The Regional Italian Kitchen

$15.00

By Nika Hazelton, M. Evans and Co., first edition, 1978. Hardback with DJ. 346 pages. Another admired cookbook that’s out of print.

Hazelton was a gifted writer of great range, and is eclipsed in recognition these days by authors with Italian names like Marcella Hazan, and certainly by such TV cooks-restaurateurs-authors like Lidia Bastianich, Mario Batali and Gina De Laurentis. However, one shouldn’t discount her “creds.” She spent her childhood in Rome and traveled through Italy as the daughter of a Roman mother and German father, and through her travels, fell in love with the varied regional home-cooking styles. When she finally settled in New York, she was embraced by the culinary crowd.

“The recipes in this book,” she writes, “have come from such home cooks. Some go back to my Italian childhood, some are from relatives, dispersed to all parts of the Italian peninsula. Others were gathered in my travels, given to me by friends, discovered in old cookbooks or in eating places in every region of Italy that still features la cucina casalinga, home cooking of the region.”

She also makes a point this book doesn't duplicate recipes found in most Itaian cookbooks. "Rather, it concentrates on recipes not generally known in America."One such dish, “Professor Pezzo’s Pesto,” comes from “a distinguished antiquarian who likes to cook.” It’s a subtler, lighter sauce, that while using most of the normal ingredients of pesto, fresh basil, olive oil and pine nuts, Professor Pezzo omitted garlic and then added a blended mix of butter and bit of milk to the sauce.
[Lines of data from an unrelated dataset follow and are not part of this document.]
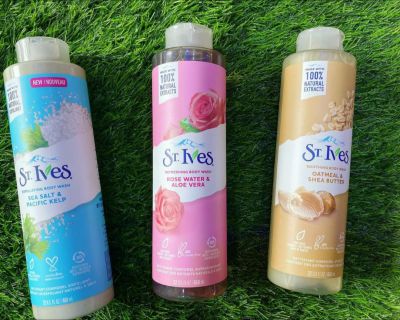 Products We get your body glowing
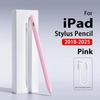Stylus Pen For iPad Pencil 11th A16 Generation, Apple Pencil Palm Rejection & Tilt Sensitivity, Compatible 2018-2025 iPad6-10th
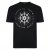 Kam Jeans 5348 T-shirt Vintage/Denim Twin Pack - T-shirts - Grote Maten T-shirts Heren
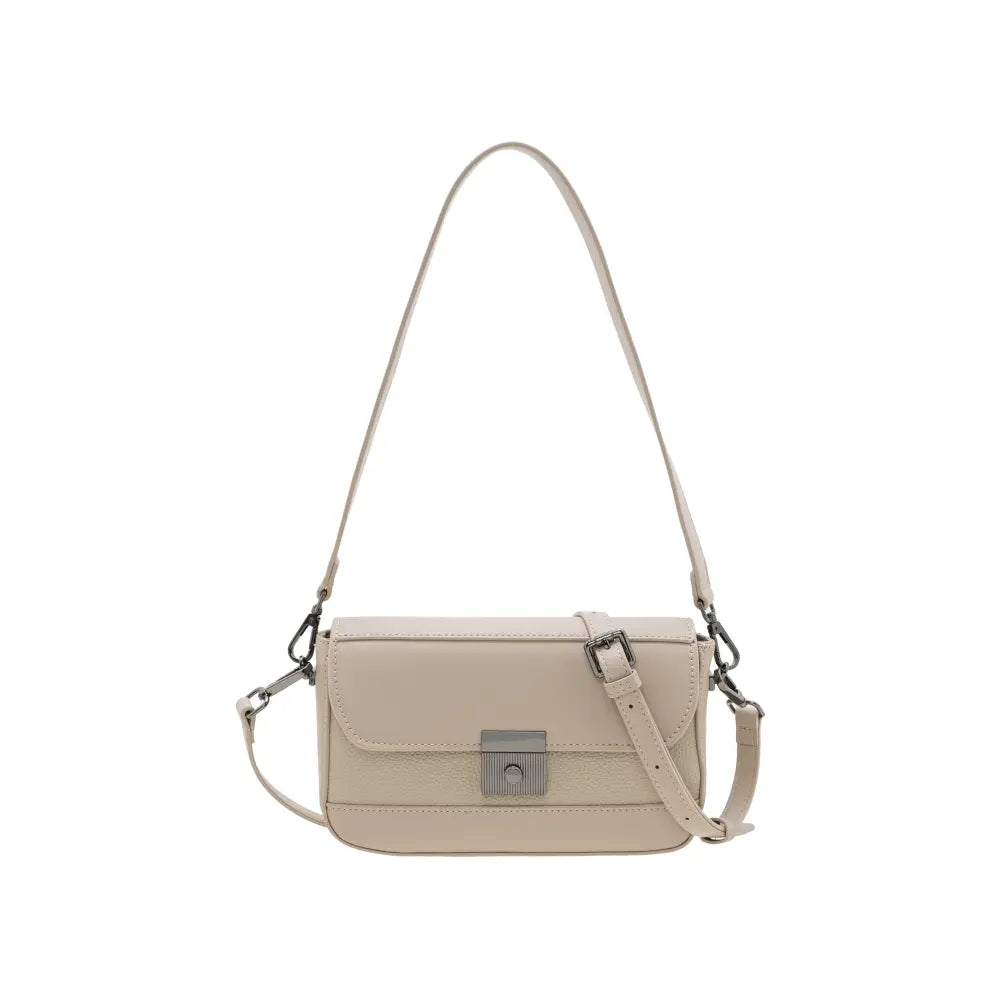 Front Flap Shoulder Sling Bag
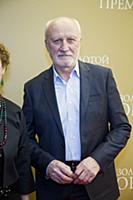 Юрий Беляев. Церемония вручения Национальной кинем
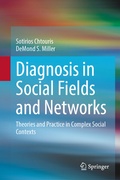 Cover: Diagnosis in Social Fields and Networks - Springer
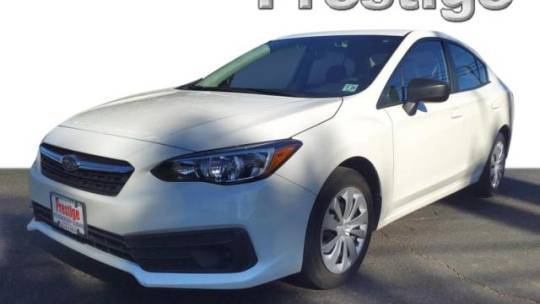 2020 Subaru Impreza 2.0i — Sedan — 32,440 mi — Turnersville, NJ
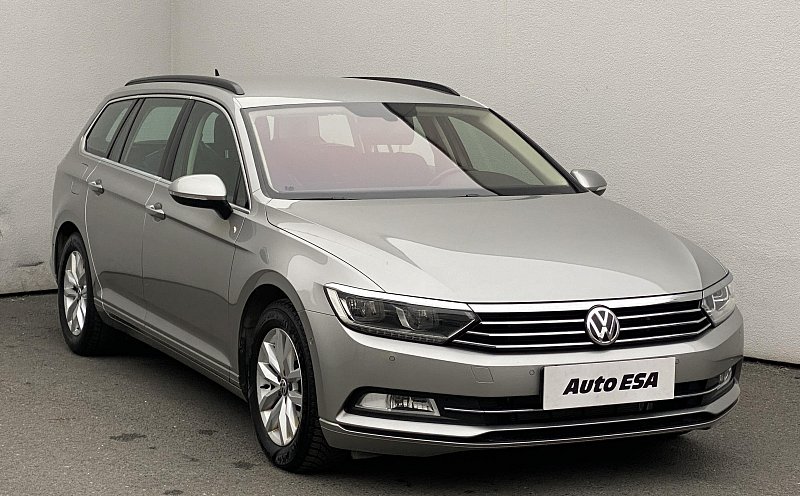 Volkswagen Passat 2.0 TDi Comfortline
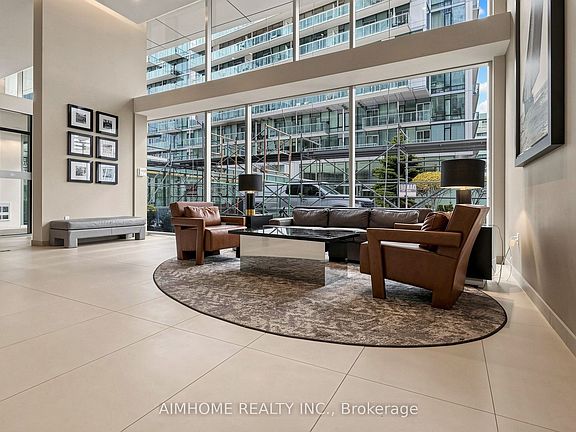 4th image of 39 Queens Quay E #328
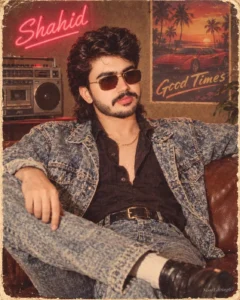80s Look Photo Prompt Chatgpt 2026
One can also substitute Italian parsley leaves. She adds: “This Pesto does not keep and should be used when freshly made.” I also like Hazelton’s “Ciuppin,” which can either be a mixed-fish soup or a stew, she writes, “depending on the amount of (tomato-based) liquid, or it can be pureed into a sauce for pasta or rice.”

Hazelton wrote an astounding variety of cookbooks, more than 30 of them in all, including Classic "Scandinavian Cooking" and "The Swiss Cookbook," also both standards. When she died at 84 in 1992, she merited a featured New York Times obituary in the New York Times. It began: “Nika Hazelton's cookbooks have been a mainstay of serious cooks for nearly half a century.” There you have it.

Condition: VG+/VG+. Another copy, with DJ wear at extremities, VG+/VG.